O bom do Mauri era a sua transparência. Nem imagino qual poderia ser a cara do Mauri mentindo — acho que seu caráter o impedia de praticar tal fraqueza, tão humana e hoje corriqueira, a ponto de existirem — pasmem! — escolas superiores para graduação, pós-graduação, mestrado e doutorado de mentirosos. Sou testemunha de que o Mauri não mentia. Ao menos para mim, nunca mentiu!

Outra coisa boa do Mauri era a sua tolerância, inclusive com os chatos. Nisso nós discordávamos, embora eu preferisse não expressar muito minhas contrariedades com a sua disposição de ouvir, sinceramente interessado, as cretinices de elementos de quase todas as colorações ideológicas. Talvez ele respeitasse a humanidade dessas pessoas, mais do que eu sempre fui capaz.

A terceira qualidade do Mauri era a afabilidade. Ela se revelava no sorriso aberto e sincero, nos gestos largos e envolventes, nas palavras sempre solidárias. Encontrá-lo era um conforto.

Ah, sim: dos oito ou nove sujeitos realmente inteligentes que eu conheci, o Mauri foi de fato um hors-concours. Talvez porque com ele tenha convivido por mais tempo e enfrentado paradas desafiadoras, como aquele dia, nos anos setenta, em que quase morremos arrastados pela correnteza de uma bela praia do Litoral Norte paulista.

As experiências de quase morte aproximam (ou afastam) as pessoas, fazendo-nos respeitá-las mais, quem sabe? O fato é que o cara era inteligente. Tranquilamente inteligente. Despretensiosamente inteligente. Ciente disto.

Falei hoje pela manhã com sua companheira Heloísa. Contou-me que, apesar da pressão altíssima que vinha enfrentando nos últimos tempos, nesse final de semana fatídico ele estava feliz, cercado pela família, em confraternização. O ataque foi fulminante. Morreu nos braços do filho Daniel.

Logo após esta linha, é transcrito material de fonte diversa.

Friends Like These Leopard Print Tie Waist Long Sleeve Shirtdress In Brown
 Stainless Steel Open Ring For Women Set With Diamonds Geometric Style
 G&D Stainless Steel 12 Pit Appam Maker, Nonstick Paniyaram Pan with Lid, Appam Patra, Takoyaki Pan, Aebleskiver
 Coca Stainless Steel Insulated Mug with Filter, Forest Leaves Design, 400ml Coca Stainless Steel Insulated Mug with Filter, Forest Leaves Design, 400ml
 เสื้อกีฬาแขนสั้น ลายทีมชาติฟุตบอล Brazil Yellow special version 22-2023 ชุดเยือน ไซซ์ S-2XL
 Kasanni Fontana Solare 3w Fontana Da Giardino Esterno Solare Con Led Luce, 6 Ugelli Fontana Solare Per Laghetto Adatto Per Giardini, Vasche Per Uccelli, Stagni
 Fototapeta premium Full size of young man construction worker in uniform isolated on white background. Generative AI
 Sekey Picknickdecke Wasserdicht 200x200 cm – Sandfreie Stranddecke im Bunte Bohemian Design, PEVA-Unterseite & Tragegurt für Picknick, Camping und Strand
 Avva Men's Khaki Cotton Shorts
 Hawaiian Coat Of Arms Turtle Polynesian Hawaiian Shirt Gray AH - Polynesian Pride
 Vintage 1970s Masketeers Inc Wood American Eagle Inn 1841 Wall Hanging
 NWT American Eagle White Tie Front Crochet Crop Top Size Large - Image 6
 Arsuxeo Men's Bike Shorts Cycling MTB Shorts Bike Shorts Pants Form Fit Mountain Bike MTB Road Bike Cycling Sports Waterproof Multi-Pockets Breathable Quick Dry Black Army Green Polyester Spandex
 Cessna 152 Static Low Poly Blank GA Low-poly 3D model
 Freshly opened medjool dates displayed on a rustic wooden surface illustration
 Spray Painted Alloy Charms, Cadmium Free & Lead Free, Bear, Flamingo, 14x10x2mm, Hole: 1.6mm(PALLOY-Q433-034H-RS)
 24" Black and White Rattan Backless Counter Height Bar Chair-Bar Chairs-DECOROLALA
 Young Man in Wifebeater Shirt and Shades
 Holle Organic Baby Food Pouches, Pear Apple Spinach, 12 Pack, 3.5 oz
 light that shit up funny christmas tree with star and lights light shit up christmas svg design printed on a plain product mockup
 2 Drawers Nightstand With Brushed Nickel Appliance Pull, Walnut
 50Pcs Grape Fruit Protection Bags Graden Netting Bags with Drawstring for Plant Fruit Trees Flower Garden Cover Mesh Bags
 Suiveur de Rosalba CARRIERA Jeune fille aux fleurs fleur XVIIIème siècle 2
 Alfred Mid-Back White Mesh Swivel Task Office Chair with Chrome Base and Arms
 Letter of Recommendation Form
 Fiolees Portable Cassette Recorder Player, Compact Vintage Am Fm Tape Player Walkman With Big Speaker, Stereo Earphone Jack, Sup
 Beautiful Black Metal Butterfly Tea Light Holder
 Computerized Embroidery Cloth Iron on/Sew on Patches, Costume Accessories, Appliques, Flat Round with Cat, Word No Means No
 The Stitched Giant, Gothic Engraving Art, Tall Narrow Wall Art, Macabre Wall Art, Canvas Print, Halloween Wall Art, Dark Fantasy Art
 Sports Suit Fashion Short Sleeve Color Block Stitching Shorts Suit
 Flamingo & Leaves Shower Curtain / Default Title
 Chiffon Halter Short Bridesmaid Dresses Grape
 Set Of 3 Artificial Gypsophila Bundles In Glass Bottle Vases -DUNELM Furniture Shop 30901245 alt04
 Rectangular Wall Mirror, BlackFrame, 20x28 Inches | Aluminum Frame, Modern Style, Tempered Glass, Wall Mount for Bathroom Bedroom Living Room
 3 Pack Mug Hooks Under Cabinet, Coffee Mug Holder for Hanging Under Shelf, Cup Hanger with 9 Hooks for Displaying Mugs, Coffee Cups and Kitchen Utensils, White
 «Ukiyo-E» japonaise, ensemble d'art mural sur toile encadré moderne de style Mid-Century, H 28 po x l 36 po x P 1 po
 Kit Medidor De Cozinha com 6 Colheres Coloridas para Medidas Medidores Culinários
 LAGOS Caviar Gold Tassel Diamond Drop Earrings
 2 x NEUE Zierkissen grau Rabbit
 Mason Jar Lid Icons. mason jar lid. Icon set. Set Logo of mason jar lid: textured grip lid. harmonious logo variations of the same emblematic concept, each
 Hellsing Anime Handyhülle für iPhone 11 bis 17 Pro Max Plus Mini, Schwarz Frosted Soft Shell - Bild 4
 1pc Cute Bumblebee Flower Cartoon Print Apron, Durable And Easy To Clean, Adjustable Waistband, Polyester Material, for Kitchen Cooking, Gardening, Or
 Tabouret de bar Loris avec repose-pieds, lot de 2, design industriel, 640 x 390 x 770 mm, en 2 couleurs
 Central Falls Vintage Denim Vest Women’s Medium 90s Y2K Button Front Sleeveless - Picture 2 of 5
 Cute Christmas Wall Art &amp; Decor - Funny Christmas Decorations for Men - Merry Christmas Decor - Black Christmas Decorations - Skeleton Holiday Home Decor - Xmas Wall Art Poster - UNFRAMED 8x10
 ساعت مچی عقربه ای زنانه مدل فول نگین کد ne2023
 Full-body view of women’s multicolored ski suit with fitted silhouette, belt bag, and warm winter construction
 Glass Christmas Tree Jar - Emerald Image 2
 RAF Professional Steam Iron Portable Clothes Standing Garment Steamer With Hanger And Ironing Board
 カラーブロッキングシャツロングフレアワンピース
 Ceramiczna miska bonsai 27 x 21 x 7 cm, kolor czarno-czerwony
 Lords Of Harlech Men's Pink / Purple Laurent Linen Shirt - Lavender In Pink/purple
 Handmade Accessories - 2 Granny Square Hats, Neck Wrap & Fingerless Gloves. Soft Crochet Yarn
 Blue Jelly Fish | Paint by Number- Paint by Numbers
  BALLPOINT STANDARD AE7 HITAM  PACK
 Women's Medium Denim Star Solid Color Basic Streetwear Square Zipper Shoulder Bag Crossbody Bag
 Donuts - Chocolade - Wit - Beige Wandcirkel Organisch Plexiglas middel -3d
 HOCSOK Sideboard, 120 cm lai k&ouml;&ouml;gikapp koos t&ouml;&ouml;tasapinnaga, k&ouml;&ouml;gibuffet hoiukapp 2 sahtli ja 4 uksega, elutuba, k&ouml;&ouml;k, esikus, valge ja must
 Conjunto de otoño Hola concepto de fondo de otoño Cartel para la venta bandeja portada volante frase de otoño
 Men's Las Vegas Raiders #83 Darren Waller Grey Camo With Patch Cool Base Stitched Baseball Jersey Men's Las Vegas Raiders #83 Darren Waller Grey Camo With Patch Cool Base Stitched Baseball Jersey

Para não dizer que meu amigo era perfeito, tenho a declarar que ver o Mauri insistindo em tocar violão, até os dedos sangrarem, e apesar de sangrarem, era uma visão perturbadora e reveladora de quem, afinal, se tratava o sujeito. Neste ponto exato tinha início a nossa única e verdadeira discordância, nunca claramente explicitada, porque, afinal, de quê adiantaria? Eu não ia mudá-lo, nem ele a mim!

Tal senão era o elã, digamos, panfletário da personalidade do meu amigo. Viver para ele era uma causa. Seus atos pessoais, familiares, sociais, profissionais decorriam desse comprometimento íntimo e total com as coisas em que ele acreditava. Evoé, Mauri! Não me cabe, aqui, contraditá-lo. Ao meu modo lhe fui solidário. E um inquestionável amigo. Disto me orgulho. Adeus, Carlos Mauri Alexandrino, 65 anos.